The America Invents Act gave the Director of the Patent Office a huge amount of power over the post-grant review process. And the Director appointed by former President Trump, Andrei Iancu, misused that power to make the process less effective, accessible, and fair. Patent owners still weren’t satisfied and challenged the whole process as unconstitutional. The Constitution includes limits and requirements for how the President may delegate authority to agencies and officers in the executive branch. Patent owners argued that the administrative patent judges who preside over post-grant reviews had so much power—specifically, the power to hold a granted patent invalid—that they could only be appointed by the President with the Senate’s consent. The Federal Circuit agreed, but opted not to nullify the post-grant review system. Instead, it eliminated the civil service protections of administrative patent judges so that the Director of the Patent Office could fire them without cause, and thus, effectively supervise their decisions. Since the Director is appointed by the President with the Senate’s consent, the Federal Circuit held that this would cure the constitutional defect. 

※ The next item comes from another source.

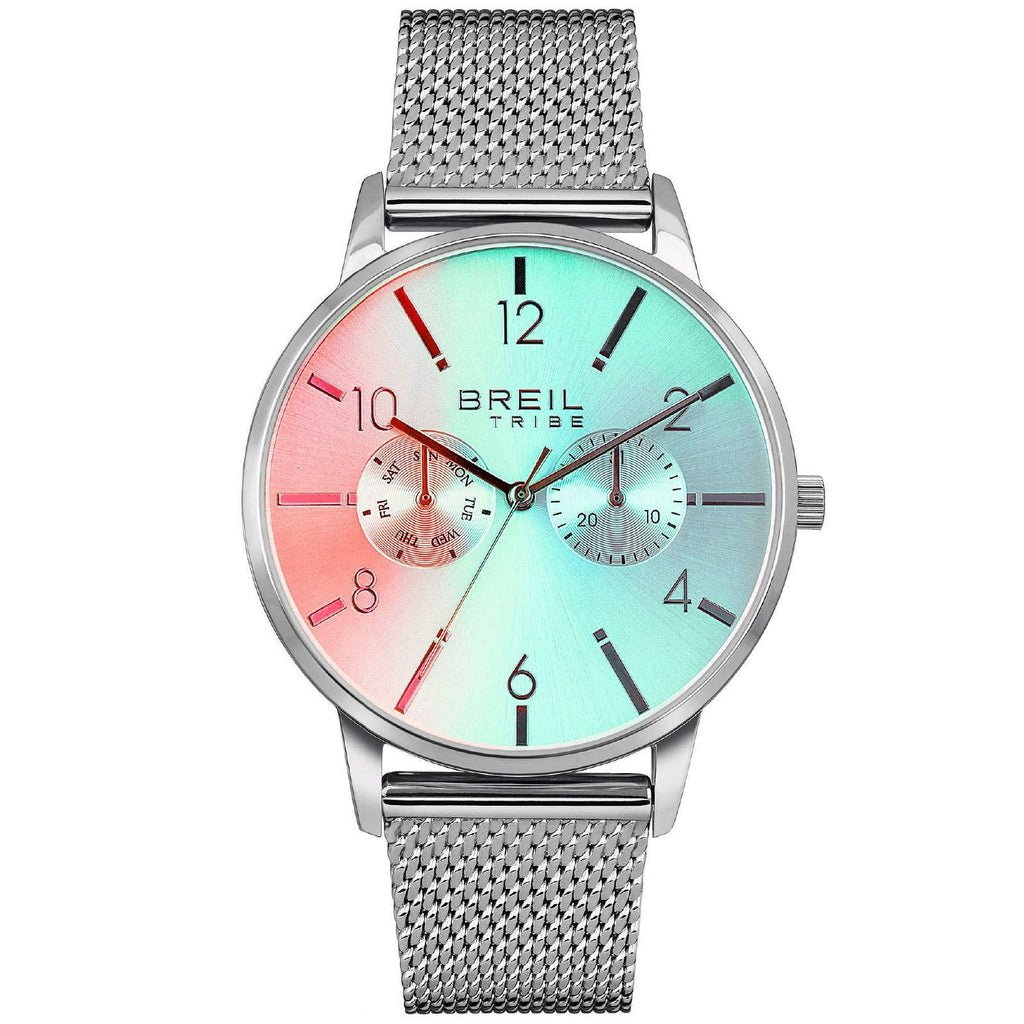 Orologio multifunzione Breil Avery Iridiscent da uomo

The Supreme Court agreed that administrative patent judges needed more supervision, but instead of taking away their civil service protections, gave the Director of the Patent Office the formal power to review their post-grant review decisions, and sent the post-grant review decision in Arthrex back to the Acting Director to decide whether to exercise that power or not. It is hard to see any reason why the Acting Director would bother to review, let alone, revise the decision to invalidate the patent in Arthrex. Nevertheless, he now has the power to do so as well as the discretion to decide whether to invoke it.

The Supreme Court’s reasoning and remedy were far from unanimous. Justice Gorsuch concurred with much of the reasoning, but dissented from the result: he would have found administrative patent judges unconstitutionally appointed, nullified their appointments, and put an end to post-grant review once and for all. Justice Thomas, joined by the three liberal justices, would simply have upheld the appointment of administrative patent judges, and with it, the post-grant review system, no judicial intervention required. That reasoning—and lack of remedy—echoes the arguments EFF and Engine made in the amicus brief we submitted with the help of students and faculty at USC’s IP clinic.

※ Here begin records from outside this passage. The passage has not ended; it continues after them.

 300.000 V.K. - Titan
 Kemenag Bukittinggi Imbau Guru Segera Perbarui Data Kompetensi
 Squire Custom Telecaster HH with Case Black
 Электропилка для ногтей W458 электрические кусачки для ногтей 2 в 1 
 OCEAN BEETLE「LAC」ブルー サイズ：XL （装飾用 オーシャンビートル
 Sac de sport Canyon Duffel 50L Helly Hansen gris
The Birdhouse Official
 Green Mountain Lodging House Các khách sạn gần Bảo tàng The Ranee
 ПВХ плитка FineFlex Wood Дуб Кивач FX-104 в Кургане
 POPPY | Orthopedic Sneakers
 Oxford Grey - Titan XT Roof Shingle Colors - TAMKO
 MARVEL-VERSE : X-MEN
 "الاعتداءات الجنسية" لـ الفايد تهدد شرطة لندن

Even though the majority took an entirely different approach, we welcome the emphasis they put, repeatedly, on the need for accountability at the Patent Office. The government had argued that administrative patent judges were constitutionally appointed because the Director effectively, if informally, supervised their decisions thanks to the bundle of powers he possessed—including the power to assign individual judges (including himself) to particular reviews, set the rules for their conduct, and fire them for cause. But the majority held that the Director’s enormous informal power was the problem, and that the solution was to formalize it, not nullify or diminish the position of administrative patent judges even further.

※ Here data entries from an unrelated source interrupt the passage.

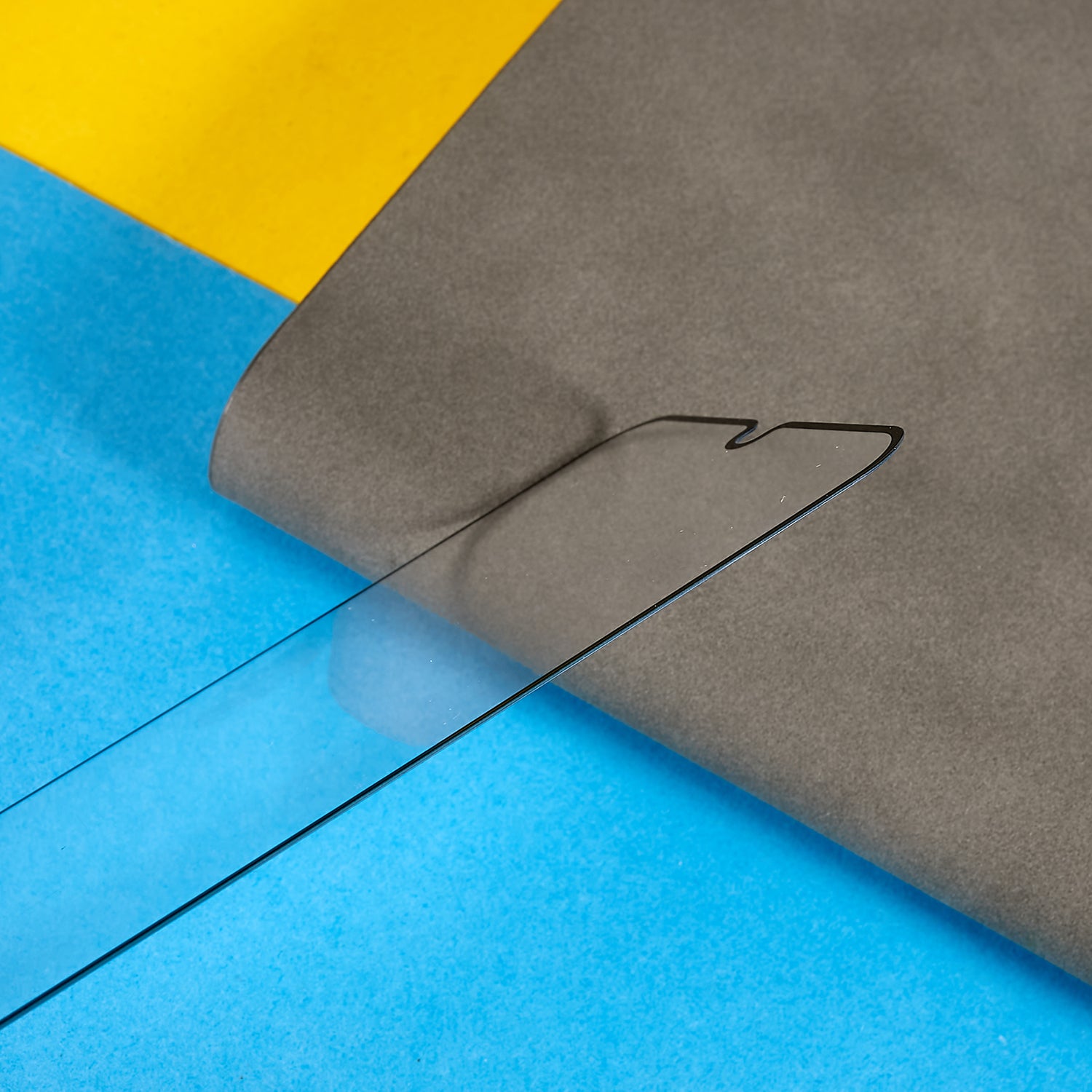 Anti-explosion Screen Protector For Samsung Galaxy A14 5G/A14 4G 9D Silk Printing Full Covering Screen Tempered Glass Film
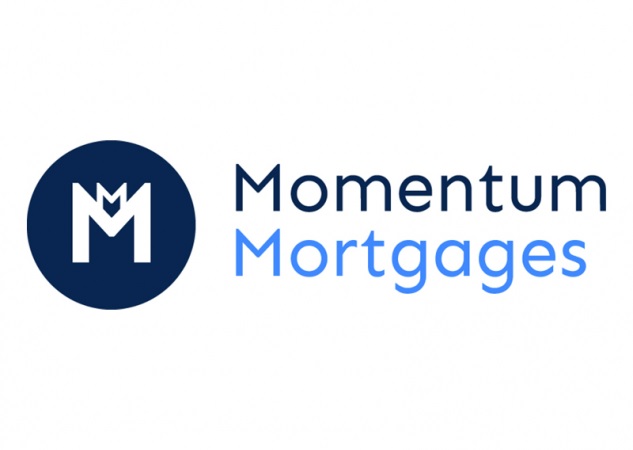 Momentum Mortgages logo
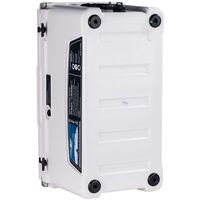 Επαγγελματικό Ισοθερμικό Ψυγείο Kuer 70,9lt 13611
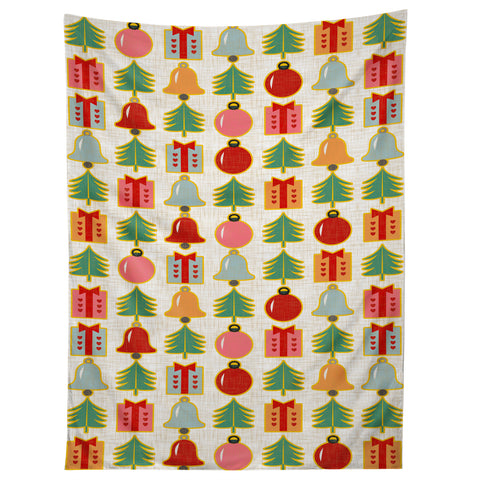 Mirimo Holiday decors Tapestry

We don’t agree with the legal reasoning, but we wholeheartedly agree with the practical analysis: the Director of the Patent Office needs to be accountable through the political process for the enormous power that comes with the position. As we wait for the administration to appoint the next Director, the decision is an important and timely reminder of how much that decision matters. We must use the political process to make sure the next Director wields the power that comes with the position to improve the Patent Office’s ability to do its job: promoting the creation and dissemination of new technologies in ways that benefit the public as a whole—including our economy, health, and ability to communicate with each other.